While the studios focus almost exclusively on dumbing down their product on an often-fruitless quest to increase revenue, five of the 10 best picture nominees were distributed by specialty divisions or small companies.
Aside from the Weinstein's "King's Speech," Roadside Attractions handled "Winter's Bone," Universal Picture's Focus Features division did "The Kids Are All Right" and Fox Searchlight put out both "Black Swan" and "127 Hours."
One might even argue that many of the Oscar-nominated movies distributed by the majors were so free of studio control (because of the power and status of their filmmakers) that they were independent films in spirit, if not in name.

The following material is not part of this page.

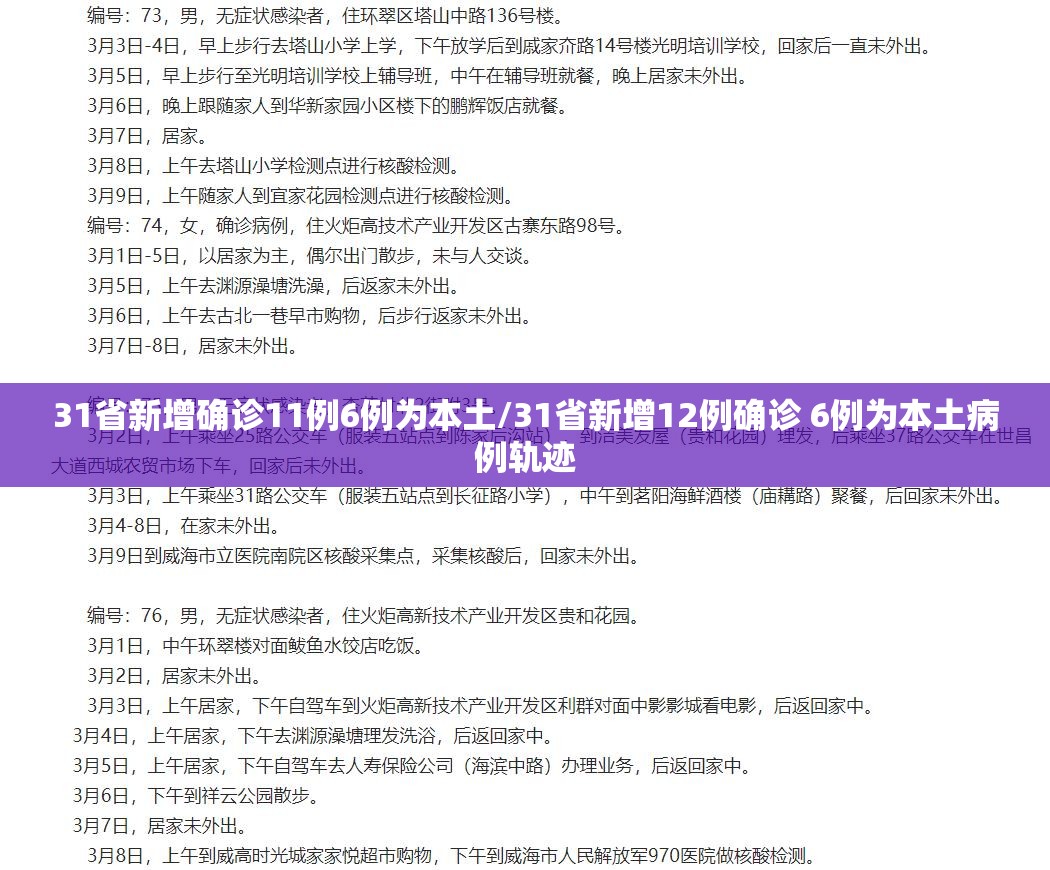 31省新增确诊11例6例为本土/31省新增12例确诊 6例为本土病例轨迹 31省新增确诊11例6例为本土/31省新增12例确诊 6例为本土病例轨迹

No one is going to tell the auteurs behind "Toy Story 3" at Pixar how to operate, no one is going to give notes to Joel and Ethan Coen on "True Grit" and no one but Christopher Nolan could have persuaded Warner Bros. to go through with as nervy a project as "Inception." More power to Sony, then, for taking a risk and giving the green light to David Fincher's "The Social Network."
Speaking of Nolan, one of the real scandals of this Oscar season is his absence from the best director list. Why that branch didn't recognize Nolan's vision and skill, not only with special effects but with actors as well, is a mystery. It's similarly disheartening to see Lesley Manville's marvelous performance in Mike Leigh's "Another Year" slighted, and to have Mark Wahlberg's non-showy but absolutely essential work as the heart of "The Fighter" sadly ignored.
And don't get me started about this year's foreign-language category, which inexplicably excluded France's marvelous "Of Gods and Men," which won the Grand Jury Prize at Cannes and dominated the recent Cesar nominations, France's version of the Oscars. If not for the inclusion of Susanne Bier's richly humanistic "In a Better World," the likely winner, it would be an unusual group indeed. No, Bier's film didn't premiere at Sundance, but it is playing here now.
For this wintry Utah town, it's been that kind of a year.